Reality check time: did you know that 70% of the internet is powered by the top 3 content management systems (CMSes), with our old friend WordPress making up close to 60% all by its self? Safe to say that CMSes are solidly entrenched in the mainstream, making publishing web content far more accessible to the general public.

And yet…

It still takes hours, days,and weeks to create a well-designed website – and even then, they require far more maintenance than one might expect. In the age of machine learning, space microphones that can hear gravity, and cars that can drive themselves, the process of building a website still seems so unnecessarily clunky, even some 27 years since their invention.

The Grid

This is why I’ve been so intrigued by a new website platform called The Grid, which launched this week with promises to take whatever content you send it and automatically design & build the website for you, using artificial intelligence magic pixie dust. Check out their explainer video below.

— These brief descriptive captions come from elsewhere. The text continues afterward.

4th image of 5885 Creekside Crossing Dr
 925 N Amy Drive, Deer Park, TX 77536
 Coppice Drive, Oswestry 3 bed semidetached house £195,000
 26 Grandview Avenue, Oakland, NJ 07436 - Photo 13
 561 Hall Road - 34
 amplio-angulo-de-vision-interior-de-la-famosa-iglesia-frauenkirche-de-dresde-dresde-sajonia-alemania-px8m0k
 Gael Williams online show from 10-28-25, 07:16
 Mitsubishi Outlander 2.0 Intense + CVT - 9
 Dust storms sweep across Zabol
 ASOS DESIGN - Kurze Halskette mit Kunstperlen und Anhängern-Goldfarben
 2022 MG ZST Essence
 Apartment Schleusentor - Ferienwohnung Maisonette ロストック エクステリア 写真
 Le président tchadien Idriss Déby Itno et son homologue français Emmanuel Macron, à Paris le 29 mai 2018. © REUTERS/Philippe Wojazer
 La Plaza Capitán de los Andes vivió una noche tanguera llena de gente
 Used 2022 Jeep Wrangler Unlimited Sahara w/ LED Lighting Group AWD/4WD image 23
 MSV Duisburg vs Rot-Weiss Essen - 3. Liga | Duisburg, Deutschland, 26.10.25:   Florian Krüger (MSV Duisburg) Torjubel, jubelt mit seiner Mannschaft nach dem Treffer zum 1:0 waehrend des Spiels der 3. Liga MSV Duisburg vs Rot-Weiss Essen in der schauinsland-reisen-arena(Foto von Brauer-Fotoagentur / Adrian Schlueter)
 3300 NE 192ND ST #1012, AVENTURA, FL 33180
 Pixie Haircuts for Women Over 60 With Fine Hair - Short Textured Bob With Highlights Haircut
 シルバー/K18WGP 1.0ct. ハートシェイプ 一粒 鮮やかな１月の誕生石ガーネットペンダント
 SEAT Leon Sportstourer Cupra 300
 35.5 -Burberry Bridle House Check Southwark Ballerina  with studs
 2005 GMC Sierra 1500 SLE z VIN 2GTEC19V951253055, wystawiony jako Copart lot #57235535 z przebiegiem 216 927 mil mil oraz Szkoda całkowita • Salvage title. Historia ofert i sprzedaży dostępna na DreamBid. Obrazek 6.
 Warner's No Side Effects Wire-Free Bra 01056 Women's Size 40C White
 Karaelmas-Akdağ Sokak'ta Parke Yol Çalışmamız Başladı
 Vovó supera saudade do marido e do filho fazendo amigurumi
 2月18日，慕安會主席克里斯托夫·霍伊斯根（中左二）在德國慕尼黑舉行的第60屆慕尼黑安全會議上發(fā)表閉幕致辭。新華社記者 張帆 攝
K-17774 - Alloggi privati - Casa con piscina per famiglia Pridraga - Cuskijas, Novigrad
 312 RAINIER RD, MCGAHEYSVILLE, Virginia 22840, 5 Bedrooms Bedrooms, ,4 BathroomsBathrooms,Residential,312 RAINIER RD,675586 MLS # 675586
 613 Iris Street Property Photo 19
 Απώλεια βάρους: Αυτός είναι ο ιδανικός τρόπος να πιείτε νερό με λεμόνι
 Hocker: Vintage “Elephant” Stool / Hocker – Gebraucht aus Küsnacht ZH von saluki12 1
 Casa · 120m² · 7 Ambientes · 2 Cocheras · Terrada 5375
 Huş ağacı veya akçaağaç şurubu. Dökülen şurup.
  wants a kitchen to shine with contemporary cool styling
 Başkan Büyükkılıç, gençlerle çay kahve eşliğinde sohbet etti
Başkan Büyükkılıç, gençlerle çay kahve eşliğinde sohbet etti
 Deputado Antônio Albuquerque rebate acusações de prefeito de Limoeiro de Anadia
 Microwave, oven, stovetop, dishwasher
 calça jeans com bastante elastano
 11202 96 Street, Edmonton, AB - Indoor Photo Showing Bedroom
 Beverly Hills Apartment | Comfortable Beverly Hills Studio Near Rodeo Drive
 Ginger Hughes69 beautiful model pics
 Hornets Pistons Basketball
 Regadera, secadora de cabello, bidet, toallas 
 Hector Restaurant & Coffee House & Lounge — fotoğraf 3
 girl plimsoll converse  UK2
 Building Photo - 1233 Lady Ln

It’s a compelling notion, for sure – why spend tons of time and effort agonizing over the color palette, layout, fonts, etc. of your website, when you can simply hand the content you to publish over to the machine, and let it find the most appropriate representation of your message for web consumption?

But this vision of automated web publishing raises many questions. What does this mean for the traditional DIY CMSes? Should WordPress, SquareSpace, and the others be lying awake at night, awaiting the inexorable rise of the robots?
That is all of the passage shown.